[TASK TO COMPLETE] Within the data that follows, tally every line containing "Radio". Provide only the tally.

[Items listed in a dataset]
☆ ☆ ☆ ☆

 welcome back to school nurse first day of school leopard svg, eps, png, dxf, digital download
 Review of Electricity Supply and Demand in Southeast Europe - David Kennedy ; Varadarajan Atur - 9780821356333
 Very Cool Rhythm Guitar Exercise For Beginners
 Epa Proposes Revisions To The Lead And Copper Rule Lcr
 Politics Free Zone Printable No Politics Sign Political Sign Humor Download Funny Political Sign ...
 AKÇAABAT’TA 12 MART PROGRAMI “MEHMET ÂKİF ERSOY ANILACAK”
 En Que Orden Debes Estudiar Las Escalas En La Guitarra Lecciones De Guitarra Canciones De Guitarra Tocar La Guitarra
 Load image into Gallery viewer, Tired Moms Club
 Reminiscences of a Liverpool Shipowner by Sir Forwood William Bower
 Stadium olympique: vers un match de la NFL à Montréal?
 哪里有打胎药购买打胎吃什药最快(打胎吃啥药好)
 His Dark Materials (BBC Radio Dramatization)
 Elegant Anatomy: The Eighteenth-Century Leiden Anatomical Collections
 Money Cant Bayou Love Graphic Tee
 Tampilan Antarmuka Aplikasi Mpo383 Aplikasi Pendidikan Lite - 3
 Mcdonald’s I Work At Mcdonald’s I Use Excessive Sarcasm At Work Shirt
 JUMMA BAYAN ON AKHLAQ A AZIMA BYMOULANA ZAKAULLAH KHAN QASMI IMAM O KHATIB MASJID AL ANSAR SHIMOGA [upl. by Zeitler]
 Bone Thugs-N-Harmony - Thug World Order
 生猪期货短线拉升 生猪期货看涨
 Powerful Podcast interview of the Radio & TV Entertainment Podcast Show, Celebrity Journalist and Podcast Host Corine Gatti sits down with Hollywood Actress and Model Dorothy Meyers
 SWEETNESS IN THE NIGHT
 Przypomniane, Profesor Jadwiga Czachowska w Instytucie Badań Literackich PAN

☆ ☆ ☆ ☆

[FINISHED TASK] 2